Worst Jokes Ever
Yo mama is so fat your dad could never get away.
I cried when my dad cut onions. Onions was such a good dog.
When we were kids, we used to be afraid of the dark.
But when we grew up, the electricity bill made us afraid of the light!
Your hairline [is] so bad it went down like the Twin Towers.
What do you call a parent that is pregnant?
Buy one, get one free.
Yo mama so stupid, she thought a quarterback was a refund.
Why did the retard cross the road?
He never made it!
Why can't orphans play baseball?
They don't know where the home is.
Also, what do you call an orphan taking a selfie?
A family photo.
Your hairline is so far back that your forehead looks like a growing parasite!
What is a fish with no eyes?
A fsh!!!!!
I told my suicidal friends to stop posting suicidal memes.

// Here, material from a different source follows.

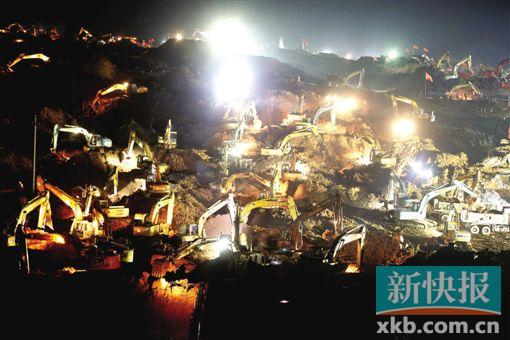 ■争分夺秒抢救失联人员。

They said they will stop soon.
My ex-boyfriend threatened to kill me because I was suicidal.
I wanted to tell him, "Well, can we get what we both want?" I was already planning on dying anyway.
My mom calls me.
Me: WHAT MOM?
No answer.
Me: WHAT?
Why did the orphan cry when he got back home?
Because he did not have one.
Why did the orphan become a stripper?
To have someone to call "daddy!"
My friend Josh made a joke about Liam's nonexistent hairline, even though Josh has massive ears and his face looks like a monkey's... if they were white.

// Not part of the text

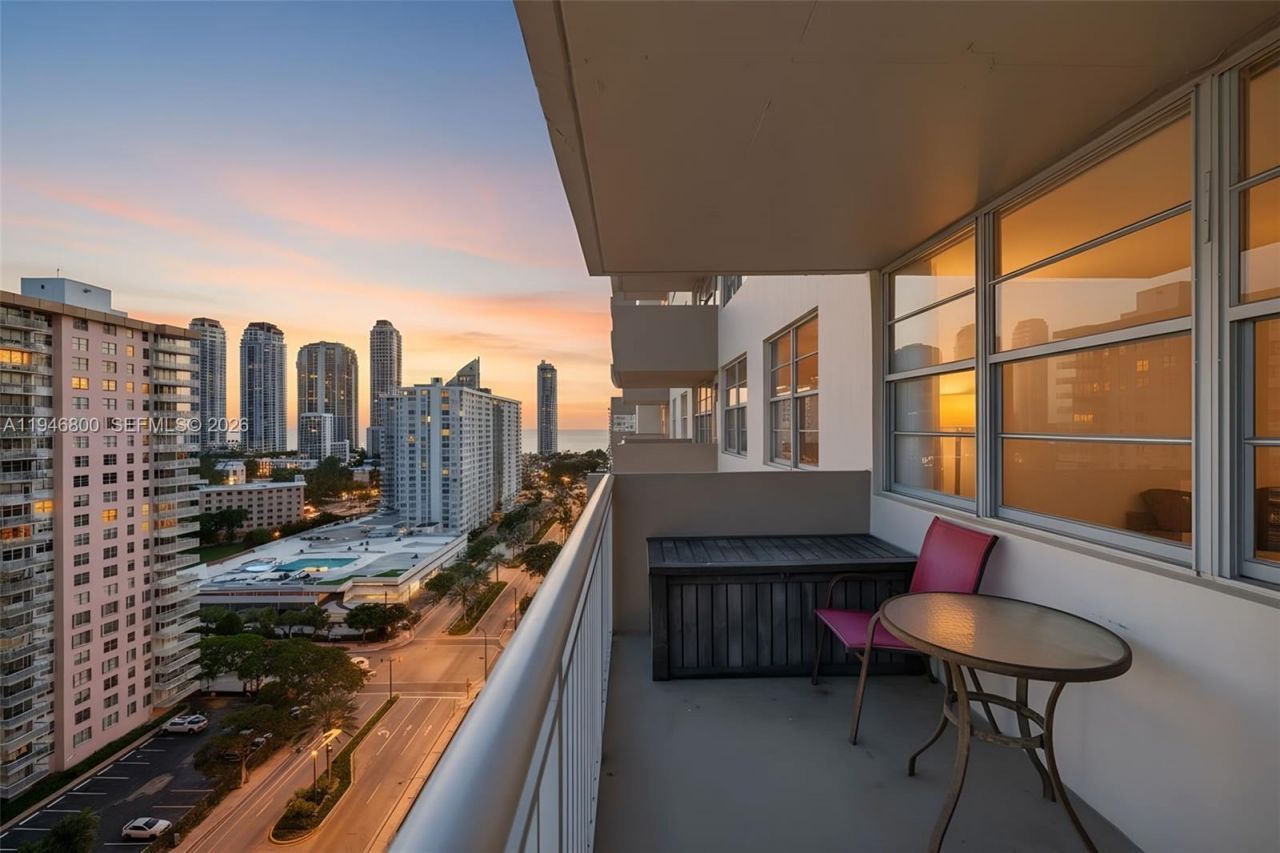250 174th St, Unit 1808, Sunny Isles Beach, FL 33160 Photo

What holiday can an orphan not celebrate?
Mother's Day and Father's Day.
How to make an orphan BLEED?
Step 1 - Tell them to clap until they actually have a loving family.
Step 2 - LAUGH EVILLY as they BLEED.
Step 3 - Tell them to kys.
Step 4 - Leave that mental asylum.
We must start a propaganda for baked beans.
Your face is horrific like the state of the Twin Towers.